**Exercise requirements:** Which lines run from the line with "One of our leaders" through the line with "The Exposure Parameter" in the entries below? Print them exactly, both ends included, and nothing more.

[Start of section]

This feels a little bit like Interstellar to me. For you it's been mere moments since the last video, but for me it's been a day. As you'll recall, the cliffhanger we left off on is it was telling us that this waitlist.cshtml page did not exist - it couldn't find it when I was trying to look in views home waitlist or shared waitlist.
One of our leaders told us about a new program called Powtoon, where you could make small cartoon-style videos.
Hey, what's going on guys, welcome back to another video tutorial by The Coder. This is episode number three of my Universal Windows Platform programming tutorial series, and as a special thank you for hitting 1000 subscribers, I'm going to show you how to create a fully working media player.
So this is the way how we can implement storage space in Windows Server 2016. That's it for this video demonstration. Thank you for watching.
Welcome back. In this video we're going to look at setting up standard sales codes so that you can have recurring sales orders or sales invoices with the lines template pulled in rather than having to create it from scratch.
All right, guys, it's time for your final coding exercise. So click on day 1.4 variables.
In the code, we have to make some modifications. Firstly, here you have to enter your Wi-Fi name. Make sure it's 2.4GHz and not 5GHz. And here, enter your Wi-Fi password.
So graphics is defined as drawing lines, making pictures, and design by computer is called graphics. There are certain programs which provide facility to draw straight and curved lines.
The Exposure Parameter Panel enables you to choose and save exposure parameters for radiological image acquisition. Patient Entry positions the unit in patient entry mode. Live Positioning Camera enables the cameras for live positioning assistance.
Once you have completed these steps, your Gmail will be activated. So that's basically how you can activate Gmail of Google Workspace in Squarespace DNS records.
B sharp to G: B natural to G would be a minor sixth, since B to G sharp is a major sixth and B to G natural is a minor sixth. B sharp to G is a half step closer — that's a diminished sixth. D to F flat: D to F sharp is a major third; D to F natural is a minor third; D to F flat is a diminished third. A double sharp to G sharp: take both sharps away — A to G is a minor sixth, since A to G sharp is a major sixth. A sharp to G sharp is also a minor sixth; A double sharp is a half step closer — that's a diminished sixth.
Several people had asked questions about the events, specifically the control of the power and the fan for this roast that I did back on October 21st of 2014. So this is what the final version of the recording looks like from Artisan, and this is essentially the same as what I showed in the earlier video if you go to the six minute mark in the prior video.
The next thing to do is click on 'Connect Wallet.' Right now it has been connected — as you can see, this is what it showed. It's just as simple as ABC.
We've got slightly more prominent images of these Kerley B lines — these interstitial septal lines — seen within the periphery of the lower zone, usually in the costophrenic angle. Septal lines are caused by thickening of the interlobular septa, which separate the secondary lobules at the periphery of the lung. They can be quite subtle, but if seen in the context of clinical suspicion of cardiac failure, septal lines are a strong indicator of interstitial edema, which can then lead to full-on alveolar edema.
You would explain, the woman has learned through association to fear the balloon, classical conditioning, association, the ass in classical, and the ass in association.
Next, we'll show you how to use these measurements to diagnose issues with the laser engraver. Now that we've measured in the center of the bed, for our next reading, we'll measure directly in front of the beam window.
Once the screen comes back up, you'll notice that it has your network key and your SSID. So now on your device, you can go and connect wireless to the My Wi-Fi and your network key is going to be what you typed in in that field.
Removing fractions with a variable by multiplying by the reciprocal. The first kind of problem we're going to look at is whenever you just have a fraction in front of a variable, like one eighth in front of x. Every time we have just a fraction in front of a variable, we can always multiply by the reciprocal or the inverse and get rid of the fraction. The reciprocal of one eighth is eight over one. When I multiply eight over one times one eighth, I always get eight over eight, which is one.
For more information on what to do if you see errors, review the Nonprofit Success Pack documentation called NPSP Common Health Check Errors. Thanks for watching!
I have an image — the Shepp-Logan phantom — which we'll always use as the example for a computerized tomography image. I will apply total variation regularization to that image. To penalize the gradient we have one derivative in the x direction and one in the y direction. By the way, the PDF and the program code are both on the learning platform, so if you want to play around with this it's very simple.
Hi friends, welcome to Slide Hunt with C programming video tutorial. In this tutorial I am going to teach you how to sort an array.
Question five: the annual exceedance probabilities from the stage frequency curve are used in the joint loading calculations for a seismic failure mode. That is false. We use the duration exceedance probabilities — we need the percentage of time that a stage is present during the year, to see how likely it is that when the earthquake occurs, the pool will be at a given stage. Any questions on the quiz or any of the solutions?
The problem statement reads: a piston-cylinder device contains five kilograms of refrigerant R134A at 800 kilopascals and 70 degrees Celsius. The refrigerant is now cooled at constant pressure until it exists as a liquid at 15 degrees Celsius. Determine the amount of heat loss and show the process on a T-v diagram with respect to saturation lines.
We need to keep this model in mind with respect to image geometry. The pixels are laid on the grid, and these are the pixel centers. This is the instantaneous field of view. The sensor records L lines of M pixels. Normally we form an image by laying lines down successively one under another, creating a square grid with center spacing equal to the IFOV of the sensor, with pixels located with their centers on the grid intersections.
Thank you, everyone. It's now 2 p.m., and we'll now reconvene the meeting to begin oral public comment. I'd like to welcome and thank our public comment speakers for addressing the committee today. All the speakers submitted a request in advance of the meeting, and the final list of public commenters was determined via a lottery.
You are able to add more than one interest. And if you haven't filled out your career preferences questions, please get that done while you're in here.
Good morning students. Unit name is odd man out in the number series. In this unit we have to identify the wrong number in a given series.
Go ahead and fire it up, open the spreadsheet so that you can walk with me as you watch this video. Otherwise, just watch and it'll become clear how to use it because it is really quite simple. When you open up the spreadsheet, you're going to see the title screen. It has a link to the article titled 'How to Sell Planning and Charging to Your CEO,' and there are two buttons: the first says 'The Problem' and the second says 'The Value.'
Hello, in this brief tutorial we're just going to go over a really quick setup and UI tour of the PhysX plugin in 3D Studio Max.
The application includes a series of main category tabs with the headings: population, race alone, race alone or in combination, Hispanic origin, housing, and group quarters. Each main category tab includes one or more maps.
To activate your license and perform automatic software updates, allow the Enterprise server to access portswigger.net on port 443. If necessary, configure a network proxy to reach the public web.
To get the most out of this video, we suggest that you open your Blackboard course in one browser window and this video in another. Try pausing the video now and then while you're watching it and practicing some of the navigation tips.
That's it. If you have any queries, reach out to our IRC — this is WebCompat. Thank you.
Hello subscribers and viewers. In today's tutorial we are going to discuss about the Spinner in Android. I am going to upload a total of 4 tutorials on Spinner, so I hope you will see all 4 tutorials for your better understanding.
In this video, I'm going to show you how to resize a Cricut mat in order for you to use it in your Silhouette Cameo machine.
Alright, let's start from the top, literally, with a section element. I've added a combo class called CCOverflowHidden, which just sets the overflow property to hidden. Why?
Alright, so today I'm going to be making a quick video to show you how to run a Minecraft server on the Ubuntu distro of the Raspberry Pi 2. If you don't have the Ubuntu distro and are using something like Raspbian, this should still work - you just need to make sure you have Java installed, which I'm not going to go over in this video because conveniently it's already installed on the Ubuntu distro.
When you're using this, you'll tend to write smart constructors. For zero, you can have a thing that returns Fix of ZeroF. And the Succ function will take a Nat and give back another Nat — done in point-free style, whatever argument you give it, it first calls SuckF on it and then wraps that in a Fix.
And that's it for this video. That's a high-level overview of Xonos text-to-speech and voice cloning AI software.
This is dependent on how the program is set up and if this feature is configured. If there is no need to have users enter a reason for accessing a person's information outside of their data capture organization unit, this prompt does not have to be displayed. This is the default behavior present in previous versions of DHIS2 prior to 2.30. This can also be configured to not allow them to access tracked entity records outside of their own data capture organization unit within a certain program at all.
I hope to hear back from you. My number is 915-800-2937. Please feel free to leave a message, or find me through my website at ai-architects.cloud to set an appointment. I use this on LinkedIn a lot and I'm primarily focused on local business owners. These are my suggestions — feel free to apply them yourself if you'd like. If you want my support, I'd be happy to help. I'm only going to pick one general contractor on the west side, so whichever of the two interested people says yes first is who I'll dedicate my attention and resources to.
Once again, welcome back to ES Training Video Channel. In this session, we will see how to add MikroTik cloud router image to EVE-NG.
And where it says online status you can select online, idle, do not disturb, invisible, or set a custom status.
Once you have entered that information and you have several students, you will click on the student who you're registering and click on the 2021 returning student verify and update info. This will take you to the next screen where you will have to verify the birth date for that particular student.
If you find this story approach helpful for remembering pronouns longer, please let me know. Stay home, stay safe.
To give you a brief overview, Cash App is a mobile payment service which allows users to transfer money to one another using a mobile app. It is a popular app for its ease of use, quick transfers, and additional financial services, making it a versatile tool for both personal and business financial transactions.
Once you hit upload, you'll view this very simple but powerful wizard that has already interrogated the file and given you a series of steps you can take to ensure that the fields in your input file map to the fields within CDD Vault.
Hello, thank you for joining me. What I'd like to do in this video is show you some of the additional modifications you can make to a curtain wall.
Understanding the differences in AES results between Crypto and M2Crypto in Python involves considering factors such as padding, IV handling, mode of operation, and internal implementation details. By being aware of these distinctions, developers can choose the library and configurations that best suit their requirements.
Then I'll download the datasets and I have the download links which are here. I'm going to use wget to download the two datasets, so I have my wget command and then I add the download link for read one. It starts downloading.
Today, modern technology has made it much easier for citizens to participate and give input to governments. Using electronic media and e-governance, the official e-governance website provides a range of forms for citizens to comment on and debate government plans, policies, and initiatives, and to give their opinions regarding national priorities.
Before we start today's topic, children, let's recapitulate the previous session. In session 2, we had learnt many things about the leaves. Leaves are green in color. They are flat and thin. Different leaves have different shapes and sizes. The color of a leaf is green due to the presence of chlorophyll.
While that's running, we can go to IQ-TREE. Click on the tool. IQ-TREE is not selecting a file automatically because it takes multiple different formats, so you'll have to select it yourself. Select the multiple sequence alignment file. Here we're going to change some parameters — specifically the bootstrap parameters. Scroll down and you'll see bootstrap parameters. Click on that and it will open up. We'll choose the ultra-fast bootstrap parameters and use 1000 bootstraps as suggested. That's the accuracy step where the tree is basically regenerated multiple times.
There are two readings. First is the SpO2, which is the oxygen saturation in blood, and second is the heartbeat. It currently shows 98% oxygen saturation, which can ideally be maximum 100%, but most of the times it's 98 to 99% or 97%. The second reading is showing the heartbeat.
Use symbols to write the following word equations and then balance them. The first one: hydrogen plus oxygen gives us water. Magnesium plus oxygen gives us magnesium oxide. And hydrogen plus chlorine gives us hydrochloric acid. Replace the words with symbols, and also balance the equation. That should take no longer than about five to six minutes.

[End of section]

**Task response:**
One of our leaders told us about a new program called Powtoon, where you could make small cartoon-style videos.
Hey, what's going on guys, welcome back to another video tutorial by The Coder. This is episode number three of my Universal Windows Platform programming tutorial series, and as a special thank you for hitting 1000 subscribers, I'm going to show you how to create a fully working media player.
So this is the way how we can implement storage space in Windows Server 2016. That's it for this video demonstration. Thank you for watching.
Welcome back. In this video we're going to look at setting up standard sales codes so that you can have recurring sales orders or sales invoices with the lines template pulled in rather than having to create it from scratch.
All right, guys, it's time for your final coding exercise. So click on day 1.4 variables.
In the code, we have to make some modifications. Firstly, here you have to enter your Wi-Fi name. Make sure it's 2.4GHz and not 5GHz. And here, enter your Wi-Fi password.
So graphics is defined as drawing lines, making pictures, and design by computer is called graphics. There are certain programs which provide facility to draw straight and curved lines.
The Exposure Parameter Panel enables you to choose and save exposure parameters for radiological image acquisition. Patient Entry positions the unit in patient entry mode. Live Positioning Camera enables the cameras for live positioning assistance.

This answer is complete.